Tuxedos are not encouraged.
There are aspects of the evening that might make opera purists blanch. The vibe will be informal. Singers will use a microphone. There will be a chamber orchestra providing accompaniment – but it will be joined by a rock combo. The original arrangements retain the text and melodies of the classic arias but offer surprises, such as an electronic beat in the opening bars of Bizet’s “Habanera” from “Carmen.”
Still, this isn’t an attempt to dumb down either genre. Those arrangements also offer fresh takes on the rock tunes, with evocative numbers from such groups as Chicago, the Beatles and Styx. Throughout, the singing will be with the power of the trained voices of sopranos Carrie Hennessey and Christine Capsuto, mezzo soprano Danielle Bond and tenors Gregory Pyatt and Christopher Bengochea.
“We’re not trying to make opera into rock or rock into opera,” says conductor Stuart Sims, who came up with the “Opera Remix” concept with Buckman. “We’re just trying to put them next to each other, so listeners can hear that great songs are great songs.
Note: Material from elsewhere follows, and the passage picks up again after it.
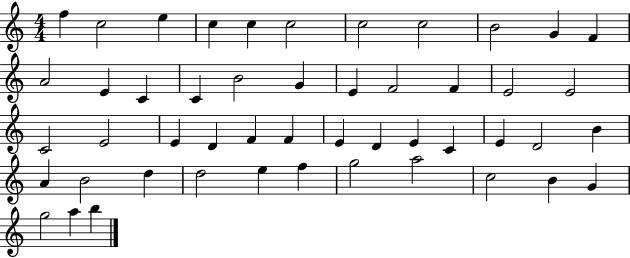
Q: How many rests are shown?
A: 0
We want people to hear that a love song from the 1860s is at the core the same as a love song from 1975.”
And if a rock-loving audience member finds something to like about a gorgeous opera tune, then all the better.
We’re not trying to make opera into rock or rock into opera. We’re just trying to put them next to each other, so listeners can hear that great songs are great songs.
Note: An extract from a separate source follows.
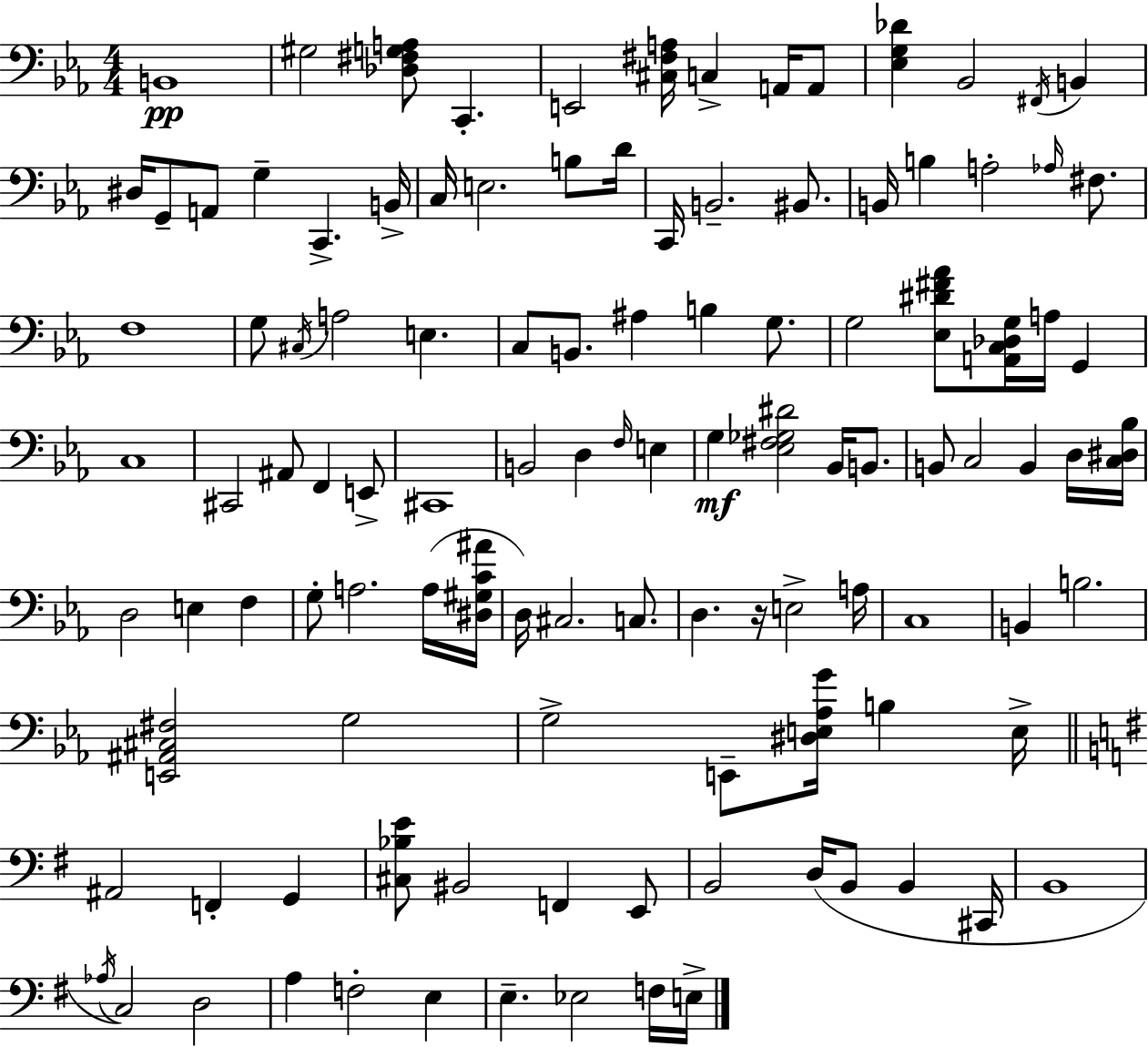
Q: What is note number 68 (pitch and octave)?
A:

Sims likens it to building a bridge: “First you walk across it, then make music on the other side of it and, then, hopefully people will follow you back over.”
“Opera Remix” isn’t a new concept for Sims and Buckman. The Fresno program actually made its debut four years ago at Modesto’s Townsend Opera. (Buckman also runs that organization, which joined administrative forces with Fresno Grand Opera in 2014.) The first “Opera Remix” was funded by a grant from the Irvine Foundation, which places a great importance on finding ways to make cultural organizations more sustainable.
The Modesto concert sold out that city’s State Theatre, which has a lot in common with the Tower in terms of ambiance. Like the planned Fresno event, food and drinks (including alcohol) were served. Afterward, the party moved outside the theater with an opportunity for audience members to perform karaoke, with the guest singers joining in.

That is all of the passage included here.